[[ RECORDS SUPPLIED, beginning ]]

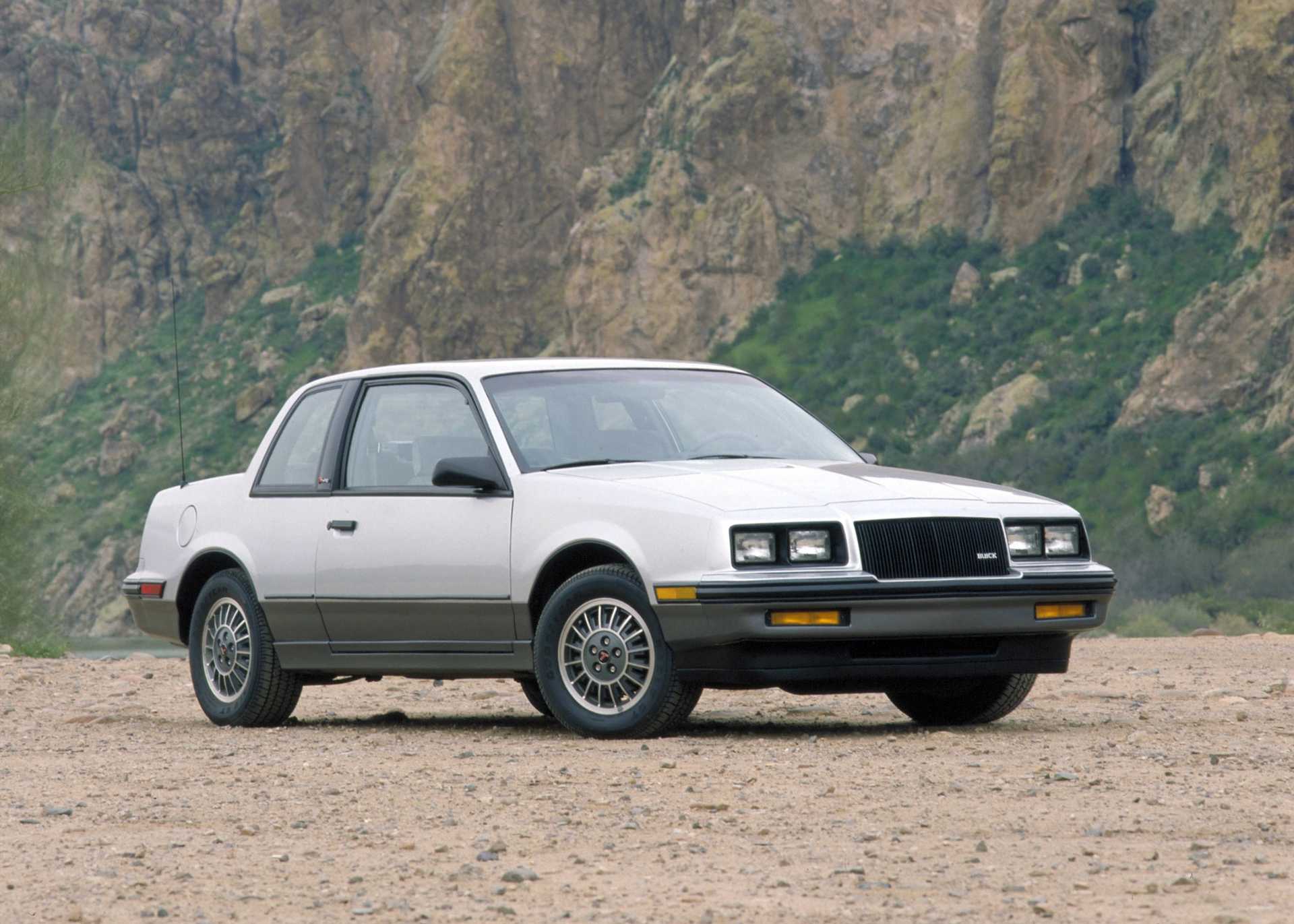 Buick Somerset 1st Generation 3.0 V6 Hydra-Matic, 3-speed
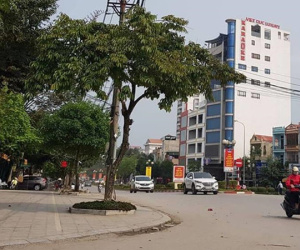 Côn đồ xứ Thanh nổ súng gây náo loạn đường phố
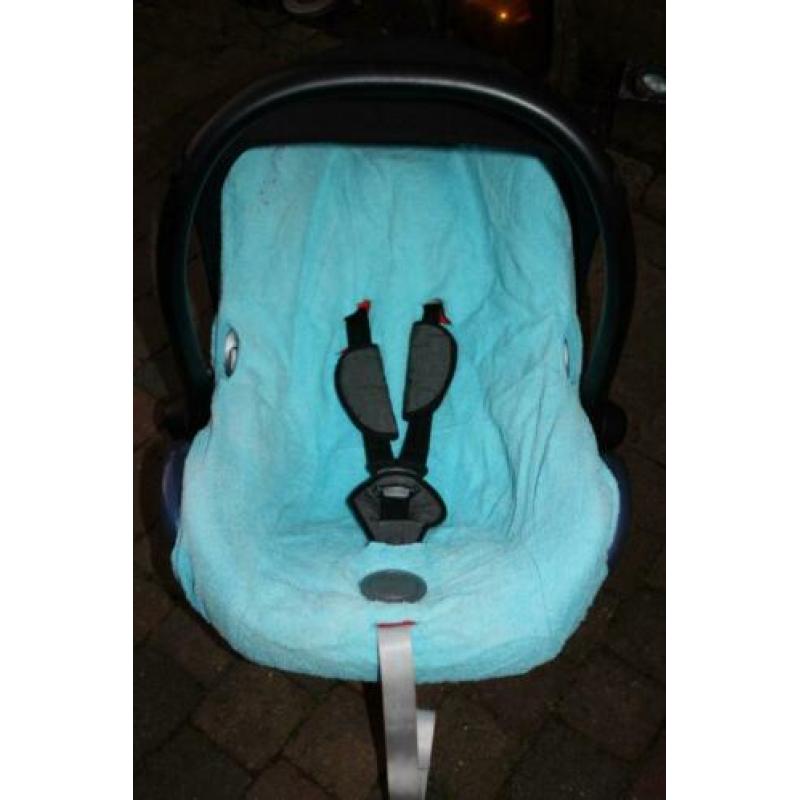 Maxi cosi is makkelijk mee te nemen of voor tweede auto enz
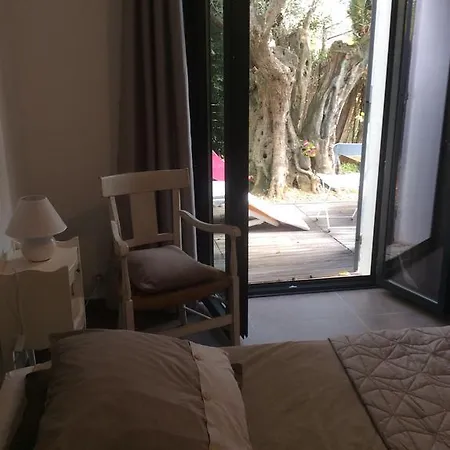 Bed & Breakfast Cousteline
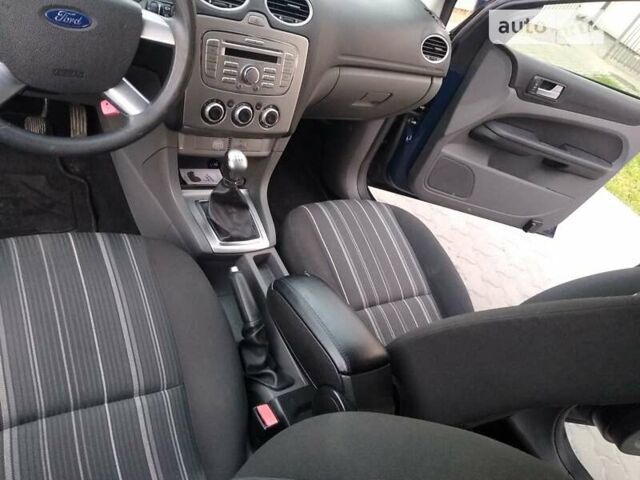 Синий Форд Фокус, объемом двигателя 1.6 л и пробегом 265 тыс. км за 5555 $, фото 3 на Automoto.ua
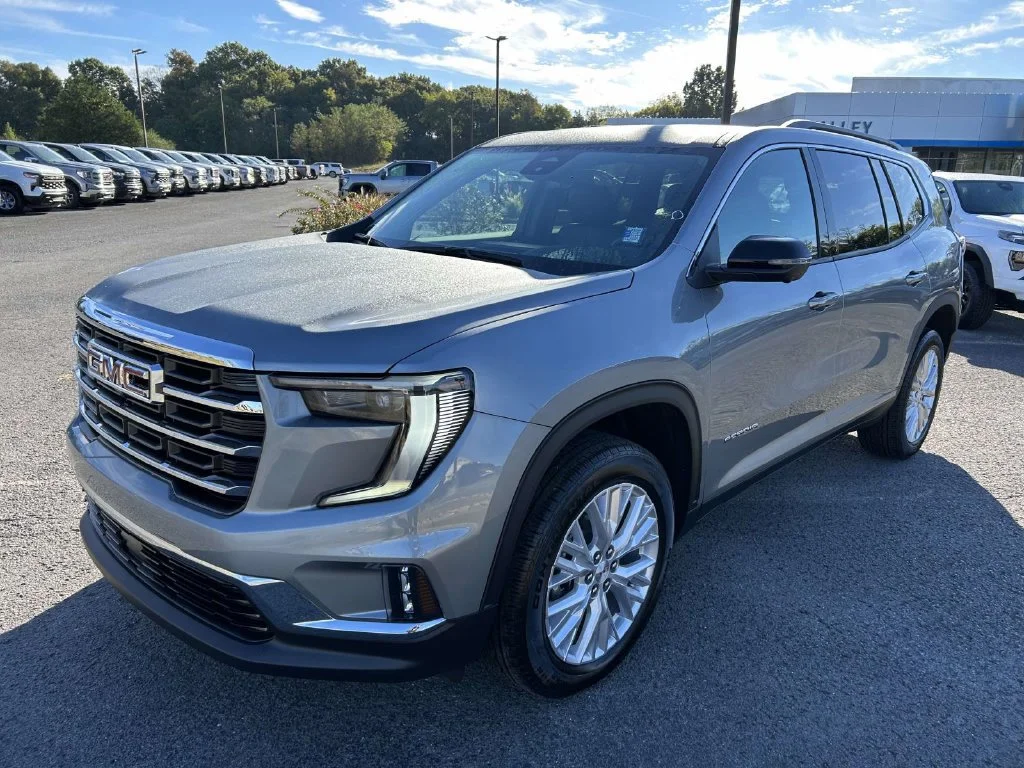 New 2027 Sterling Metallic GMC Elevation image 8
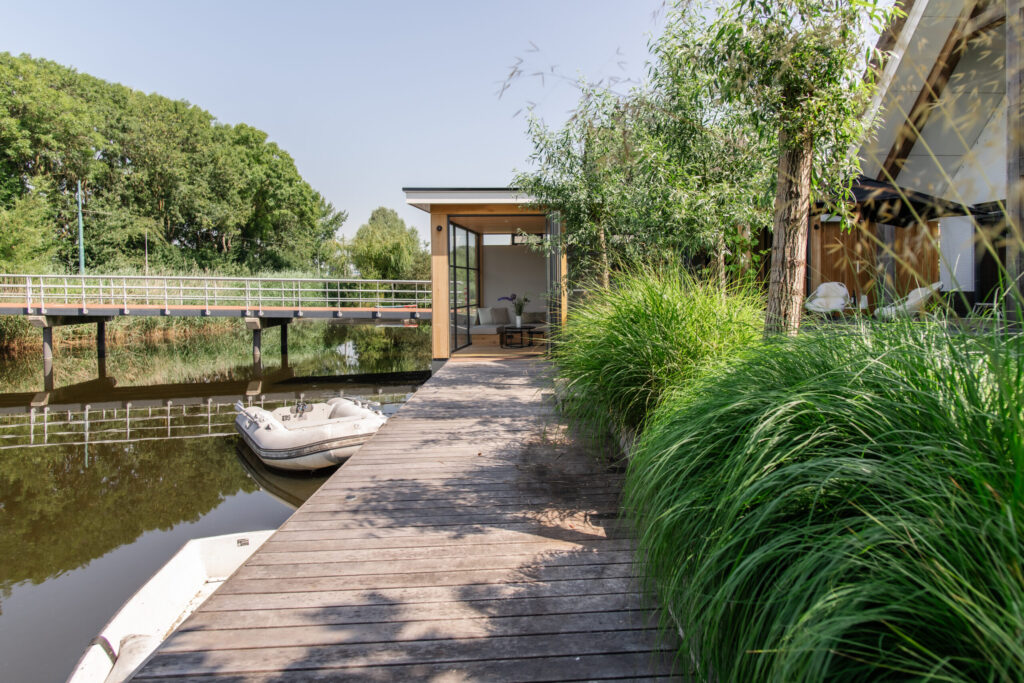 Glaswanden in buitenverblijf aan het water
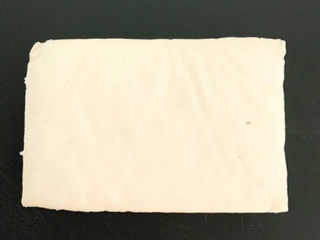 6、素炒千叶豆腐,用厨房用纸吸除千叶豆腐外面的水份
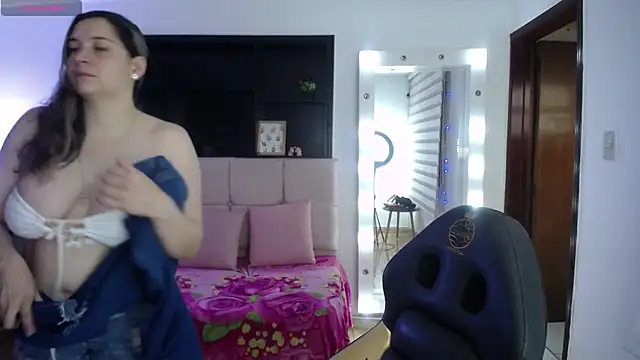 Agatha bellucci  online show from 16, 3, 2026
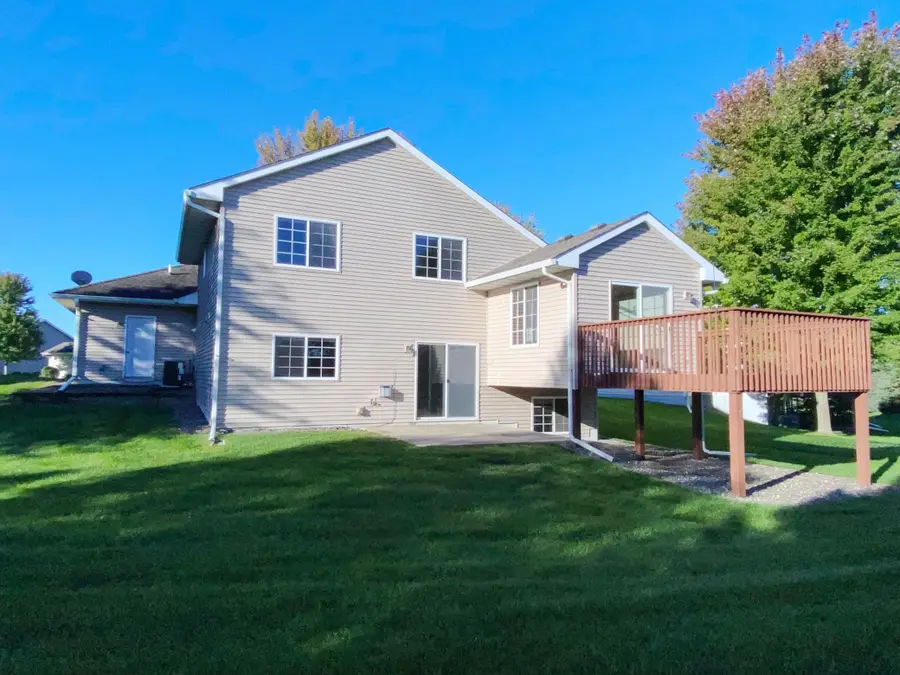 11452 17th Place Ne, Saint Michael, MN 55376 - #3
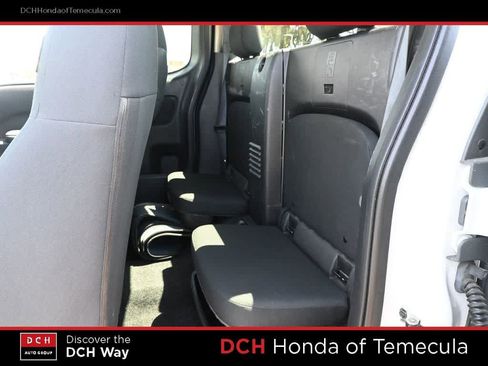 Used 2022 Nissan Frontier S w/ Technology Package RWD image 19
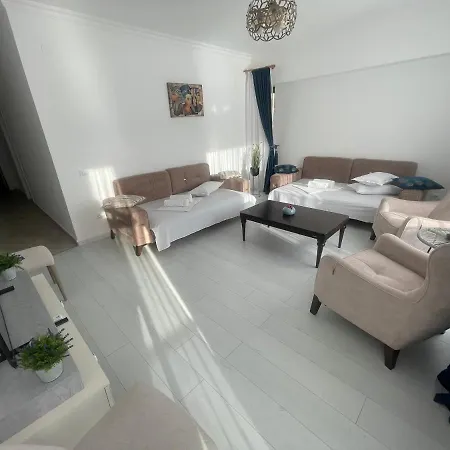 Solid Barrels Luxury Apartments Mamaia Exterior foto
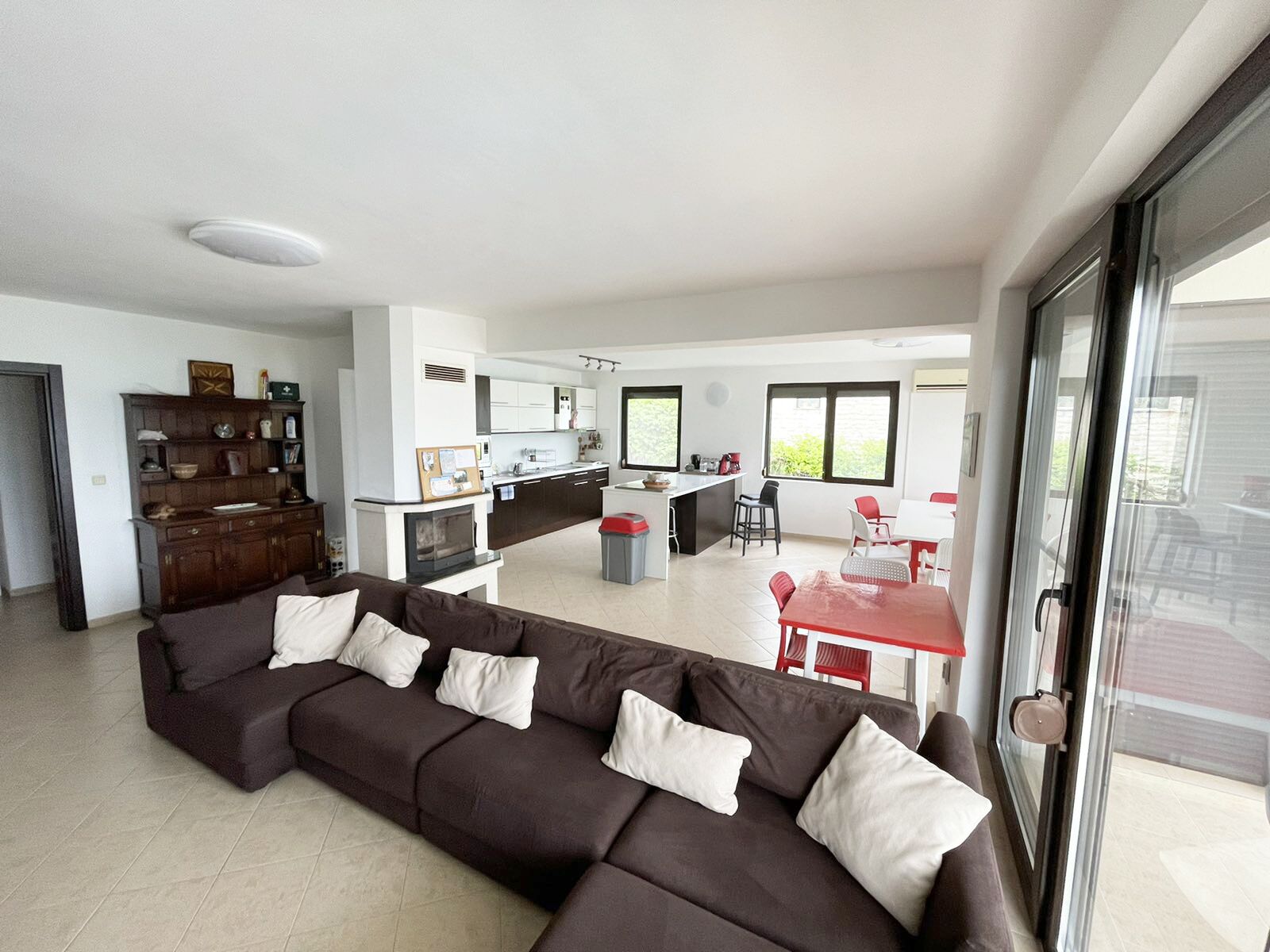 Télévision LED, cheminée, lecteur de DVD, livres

[[ RECORDS SUPPLIED, end ]]

PROBLEM STATEMENT:
In the material above, retype exactly the lines that run from the one containing "New 2027 Sterling" through the last line, and keep out the pictures.

RESPONSE TO THE TASK:
 New 2027 Sterling Metallic GMC Elevation image 8
 Glaswanden in buitenverblijf aan het water
 6、素炒千叶豆腐,用厨房用纸吸除千叶豆腐外面的水份
 Agatha bellucci  online show from 16, 3, 2026
 11452 17th Place Ne, Saint Michael, MN 55376 - #3
 Used 2022 Nissan Frontier S w/ Technology Package RWD image 19
 Solid Barrels Luxury Apartments Mamaia Exterior foto
 Télévision LED, cheminée, lecteur de DVD, livres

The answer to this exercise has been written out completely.